= Bo Berndal =

Swedish compositor and typographer

Bo Yngve Berndal (1924 in Stockholm, Sweden – 2013 in Stockholm, Sweden) was a Swedish compositor, type designer, book designer, and educator. In 1991, he was the first to receive the Berling prize in design, instituted by Karl-Erik Forsberg. Berndal was also co-owner of BIGG (a Swedish advertising agency) and Hålet (a gallery dedicated to the typographic arts).

==Career==
Berndal began working as a typesetter in 1939. He studied calligraphy under Akke Kumlien. Starting in 1949, he was employed at Nordisk Rotogravyr, a Swedish press primarily devoted to printing high-quality illustrations using rotogravure. As a compositor there, he designed books including Naturen som formgivare, Byn med det blå huset and Kust. He illustrated Familje med de fem barnen for the Swedish publisher Norstedts. As it was common practice in midcentury Sweden to furnish books with purely calligraphic covers, Berndal hand-lettered various of these.

For a time Berndal was also a linotype operator. In the early 1950s, he began drawing original typefaces at TYMA, a matrix factory. Type design would afterward become central to his career.

He taught at Skolan för bokhantverk (Stockholm school for book design and printing), Grafiska Institutet (Swedish national college for marketing and advertising), and Konstfackskolan.
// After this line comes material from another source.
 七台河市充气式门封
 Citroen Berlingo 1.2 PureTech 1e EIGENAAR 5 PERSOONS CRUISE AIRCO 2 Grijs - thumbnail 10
The agency BIGG resulted from a collaboration with three of his former students. The initials in BIGG stand for Berndal, Ingemarsson, Günther, and Günther.

By the start of the 1990s, Berndal had already adopted the Macintosh as his tool of choice for type design. After his retirement Berndal went on designing type as a hobby. In total he produced over 300 typefaces. Notable among these are Boberia, Grafilone, Euclides, Exlibris, Esseltub (for wayfinding in Stockholm's subway system), and Sispos/Sisneg (for general use in standard signage, later digitized as Bosis). Many of his fonts are nods to Swedish history, including Olaus Magnus, Johabu, Läckö, and Vadstenakursiv.

He made logotypes for numerous businesses over the years, including Riksarkivet (Sweden's National Archives) and the National Museum of Fine Arts in Stockholm.

Berndal was also an author. He co-wrote Typiskt typografiskt (1991) together with author/journalist Paul Frigyes. It provides a general introduction to typography with some emphasis on its role in Sweden. He also wrote a book about Charles Kastenbein's mechanical typesetter, which preceded the Linotype machine, and another book about Peter Schoeffer the Younger.